### EXERCISE GOAL
The records below need to be repeated exactly, though not their pictures.
=== MATERIAL SHOWN ===
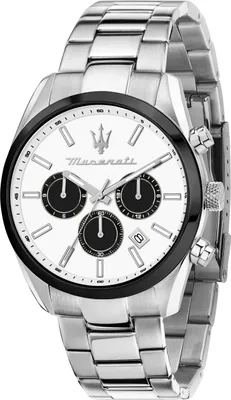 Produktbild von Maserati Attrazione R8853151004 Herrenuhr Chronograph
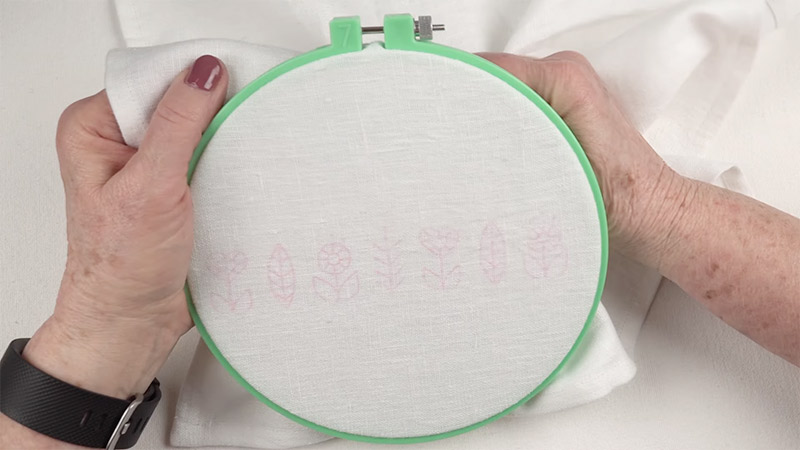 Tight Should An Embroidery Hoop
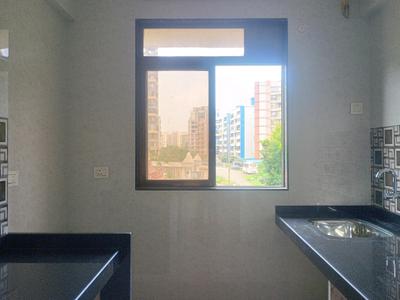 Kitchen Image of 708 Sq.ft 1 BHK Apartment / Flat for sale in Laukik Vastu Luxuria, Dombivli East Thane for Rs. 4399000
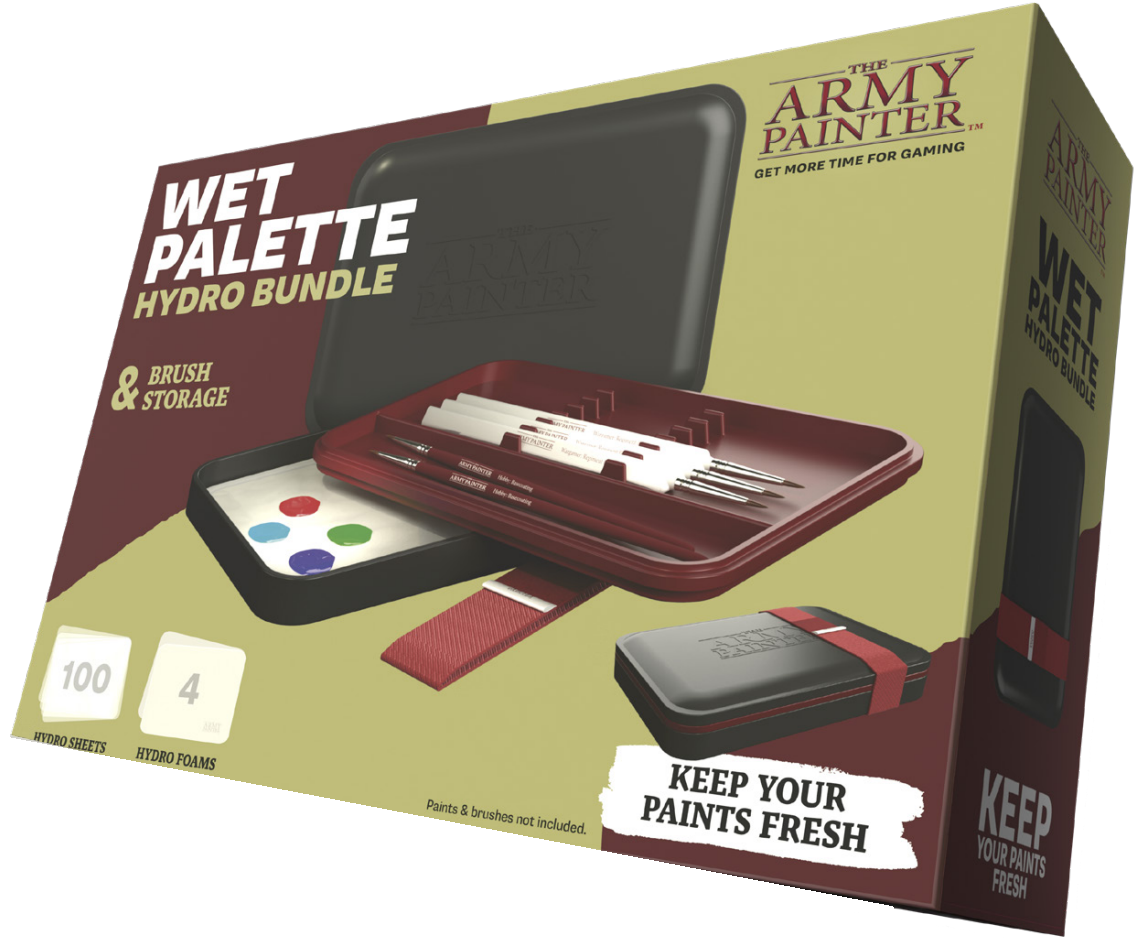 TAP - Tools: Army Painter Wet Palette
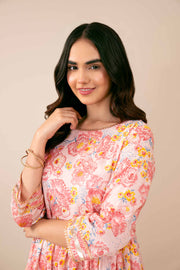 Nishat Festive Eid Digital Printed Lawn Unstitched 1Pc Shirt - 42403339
===
### WRITTEN RESPONSE
 Produktbild von Maserati Attrazione R8853151004 Herrenuhr Chronograph
 Tight Should An Embroidery Hoop
 Kitchen Image of 708 Sq.ft 1 BHK Apartment / Flat for sale in Laukik Vastu Luxuria, Dombivli East Thane for Rs. 4399000
 TAP - Tools: Army Painter Wet Palette
 Nishat Festive Eid Digital Printed Lawn Unstitched 1Pc Shirt - 42403339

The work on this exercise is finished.